Task item: Pictures are to be left out; otherwise, copy exactly the lines from the line containing "Moschino Hot Pink Satin Bomber Jacket" through the end of the data.

________________________

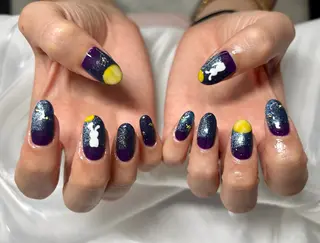 ネイル Horie 雪のネイルデザイン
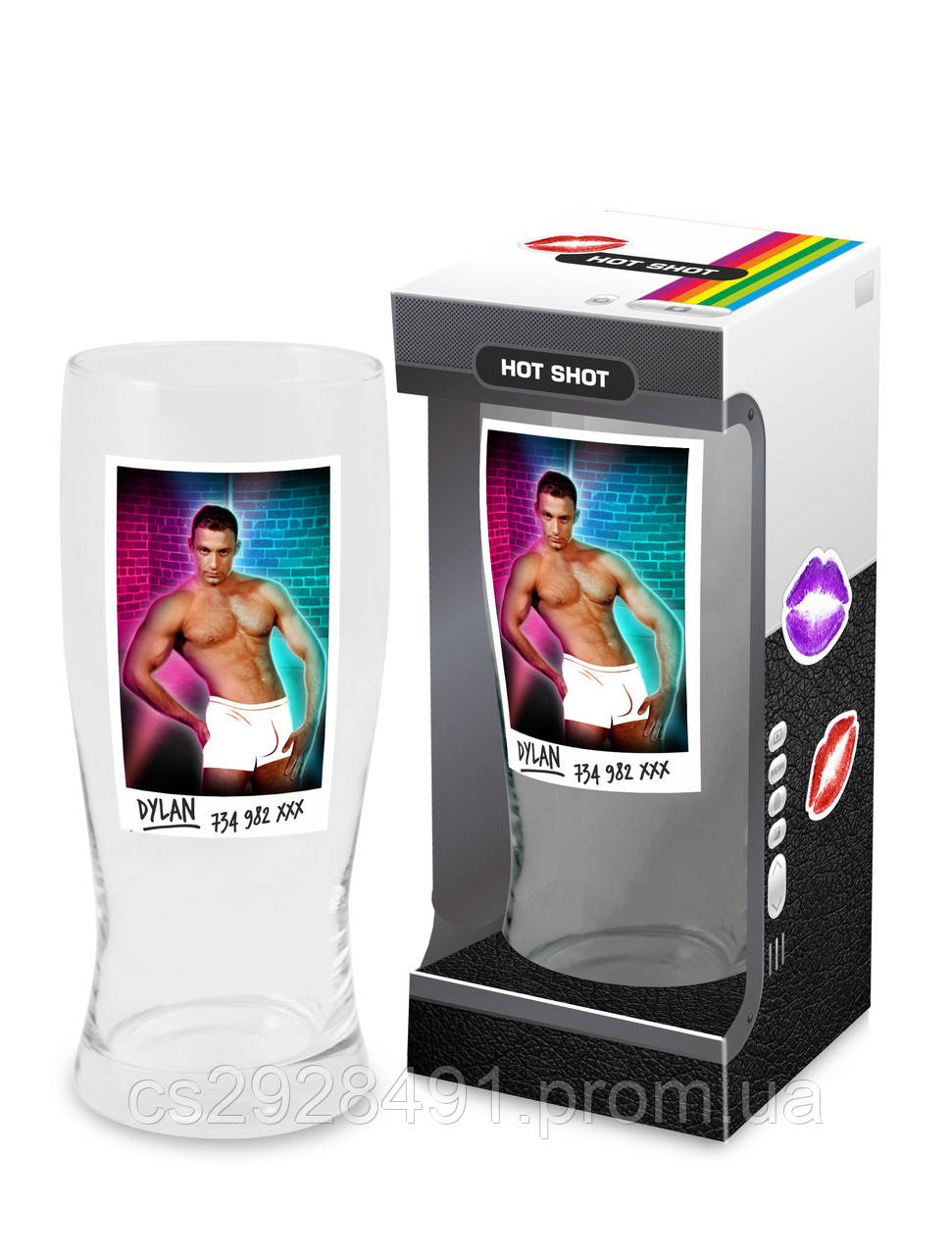 Кухоль для пива - HOT SHOT Szklanka do piwa 500 ml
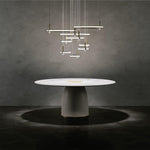 Aurora Chandelier Ring Layered Minimalist - Lamp Outdoor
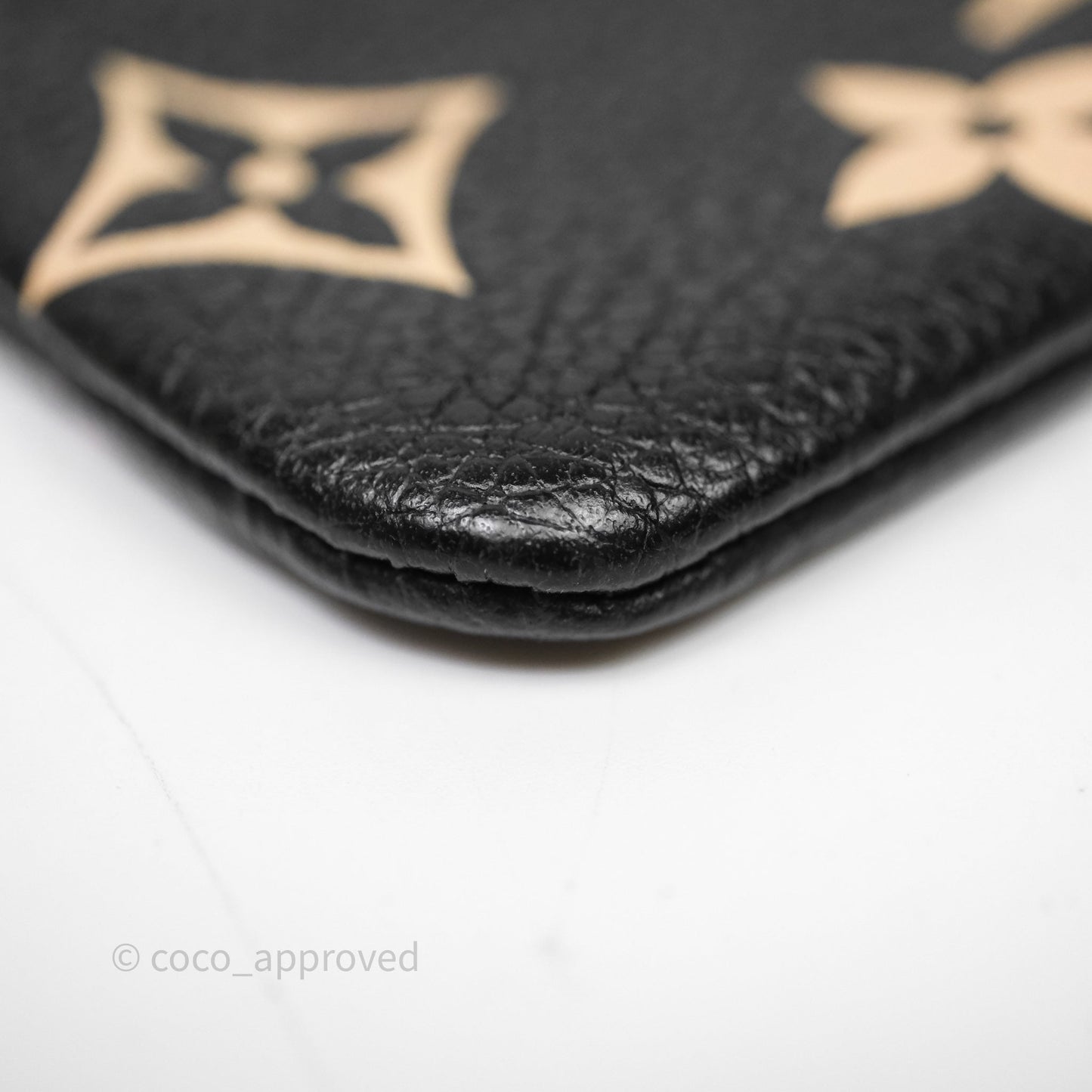 Louis Vuitton Key Pouch Black Monogram Canvas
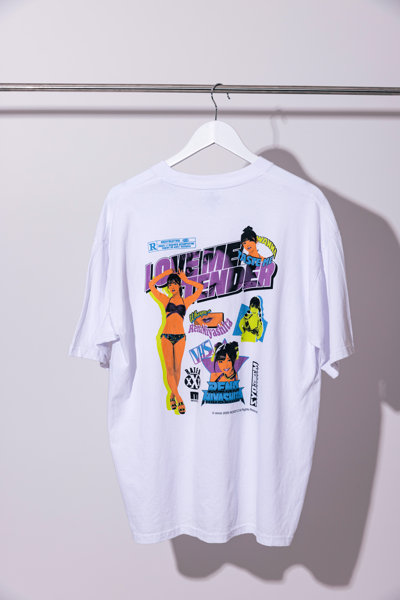 【MIYASHITA RENA】WANNA TASTE ME? TEE/WHITE/サイズXL 画像14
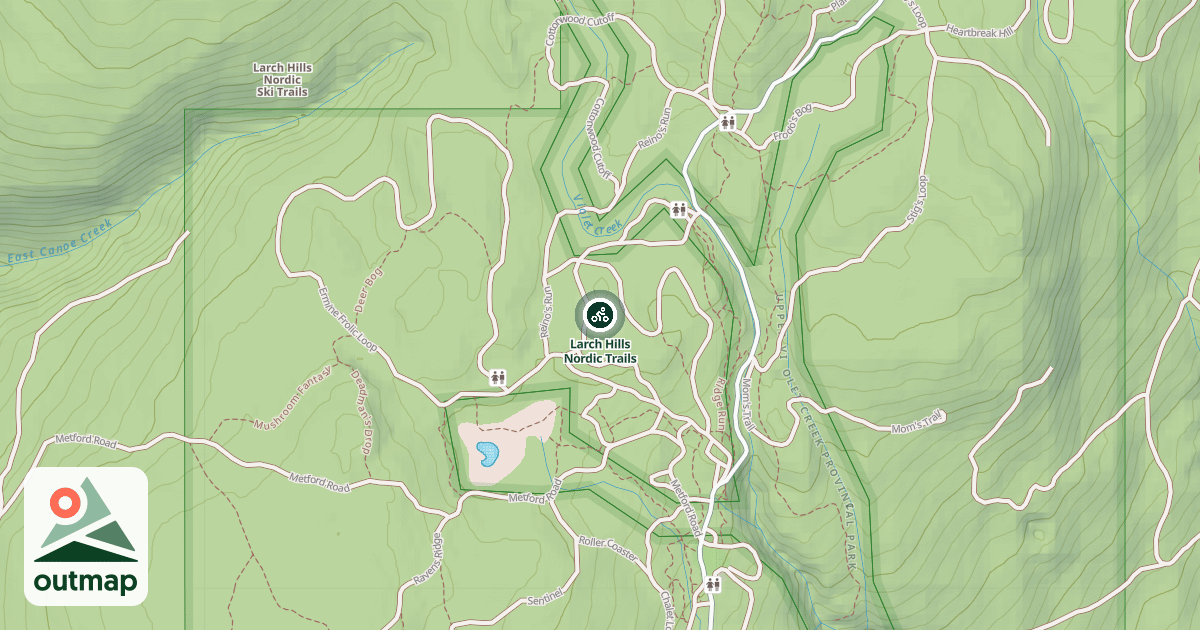 Map of Larch Hills Nordic Trails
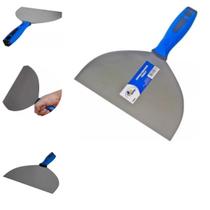 Espátula Aço Inox 20cm Grande Massa Corrida Gesso Drywall Espátula Aço Inox 20cm Grande Massa Corrida Gesso Drywall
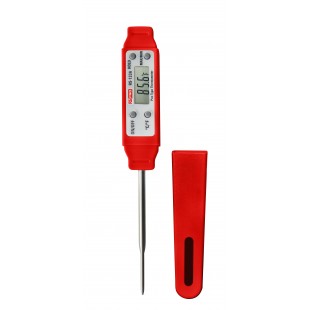 Taylor 9877FDARD Digital Thermometer Probe Waterproof Red with Compact Design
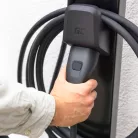Habu Holder EV Ladekabelhalter für TYPE 2 Steckdosen EVGCAKHH1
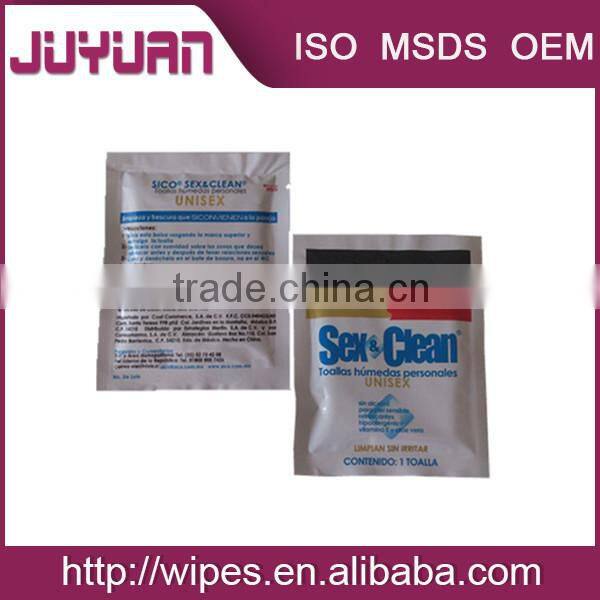 Hot Sell Alcohol Free Sex Delay Wet Tissue from Manufacture OEM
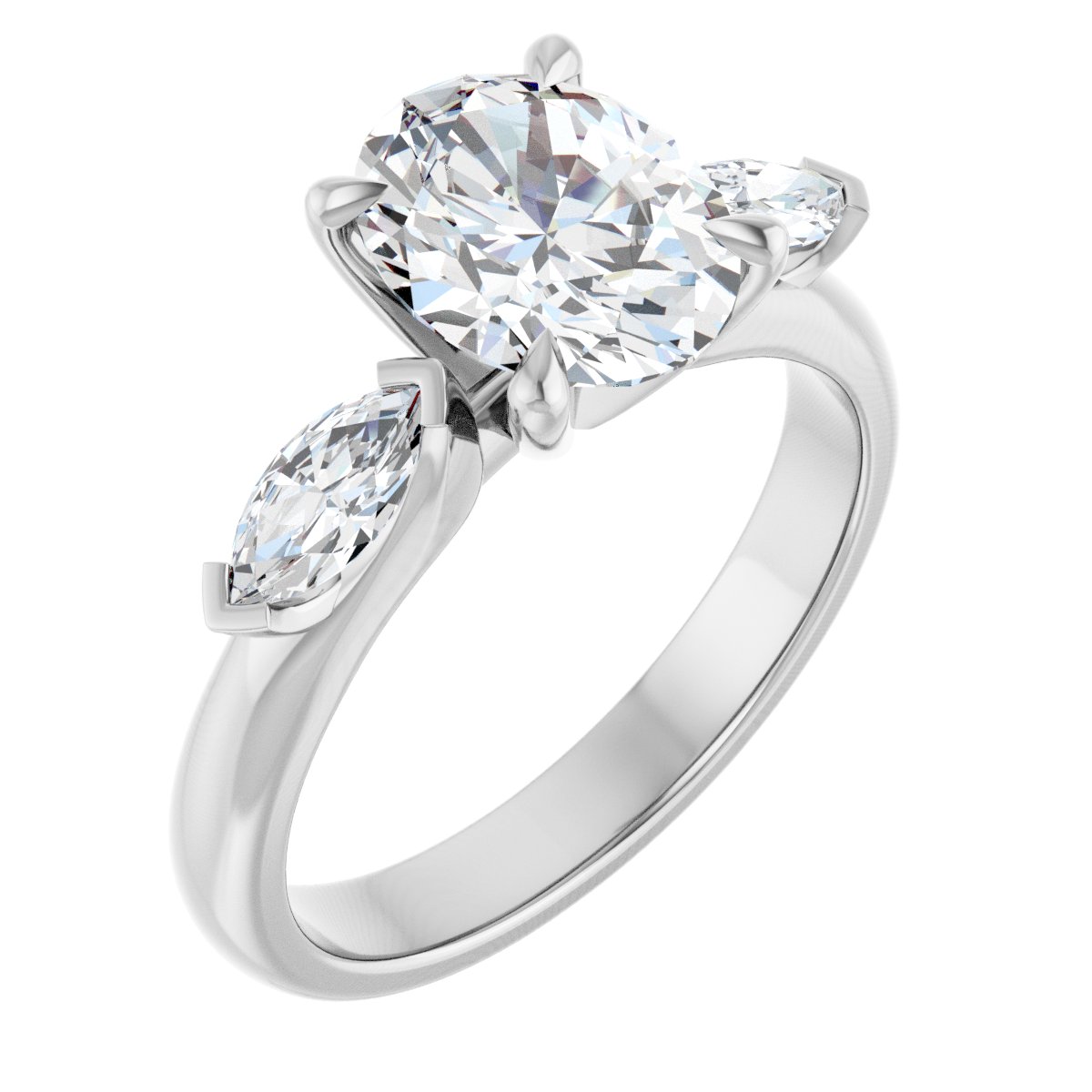 Three-Stone Engagement Ring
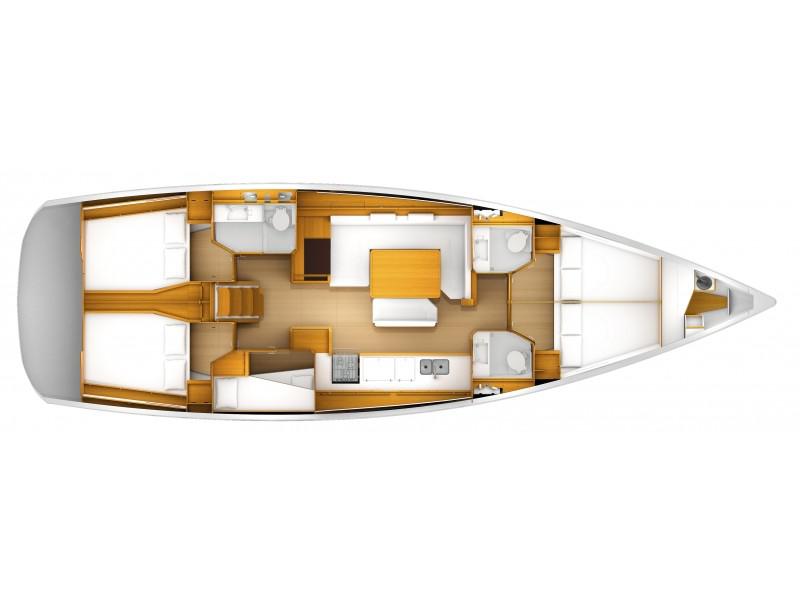 Book yachts online - sailboat - Sun Odyssey 509 - King of hearts - (A/C - Generator - Refit 2021) - rent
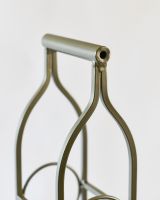 Close up of handle on ’Monticello’ Space Saving Wine Rack - 117cm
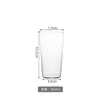 Copo de Vidro Transparente Fino para Uso Doméstico, Copo de Leite, Copo Simples para Bebidas Frias na Sala de Estar, Copo de Suco e Cerveja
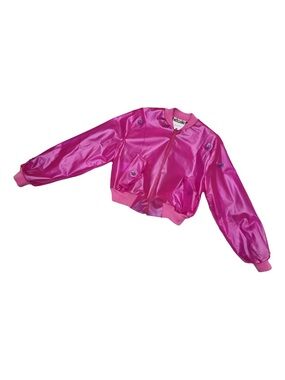 Moschino Hot Pink Satin Bomber Jacket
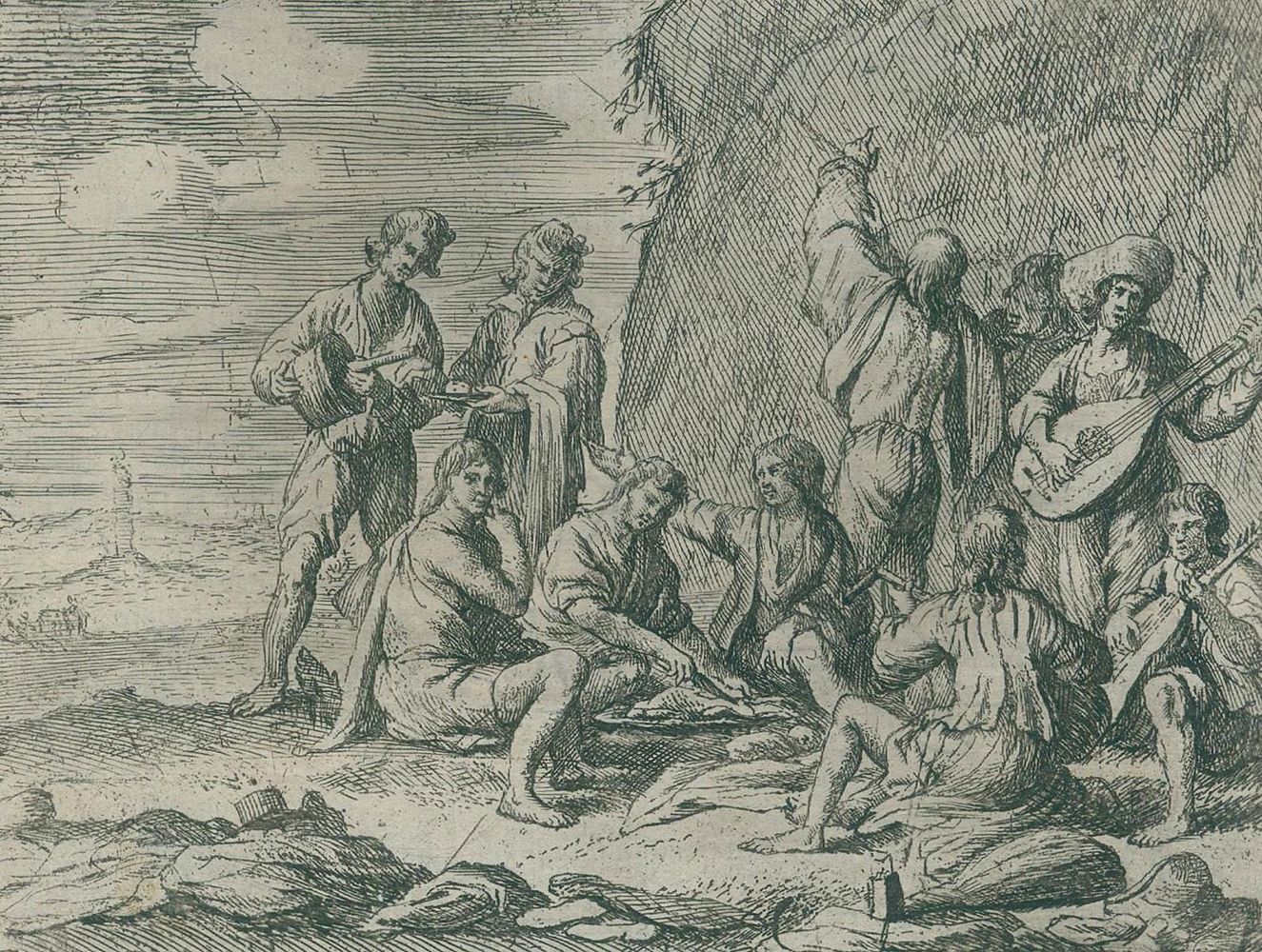 Große Abbildung Nr.2: 135-4524 Wael, Cornelis de: (Künstlergraphik)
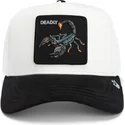 gorra-trucker-beige-y-negra-escorpion-deadly-the-suede-scorpion-global-core-micro-suede-the-farm-de-goorin-bros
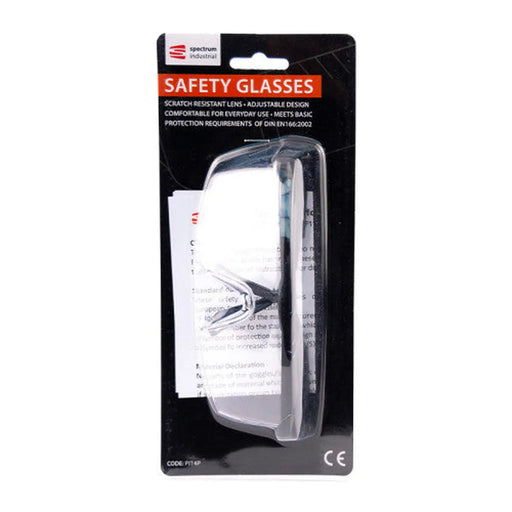 Safety Glasses - CE - Clear Lens - Min Order 4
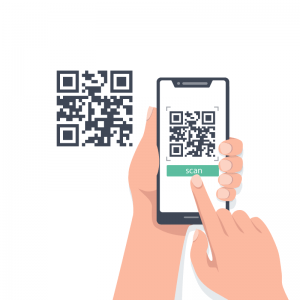 Scan QR code voorbeeld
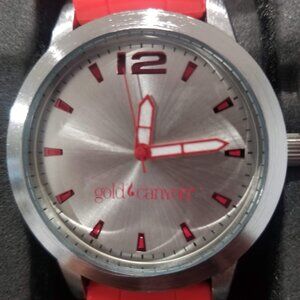 Gold Canyon Fossil Remix PR 3033 Men’s Sports Watch 42mm Red Silicone — New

________________________

Result of this exercise:
 Moschino Hot Pink Satin Bomber Jacket
 Große Abbildung Nr.2: 135-4524 Wael, Cornelis de: (Künstlergraphik)
 gorra-trucker-beige-y-negra-escorpion-deadly-the-suede-scorpion-global-core-micro-suede-the-farm-de-goorin-bros
 Safety Glasses - CE - Clear Lens - Min Order 4
 Scan QR code voorbeeld
 Gold Canyon Fossil Remix PR 3033 Men’s Sports Watch 42mm Red Silicone — New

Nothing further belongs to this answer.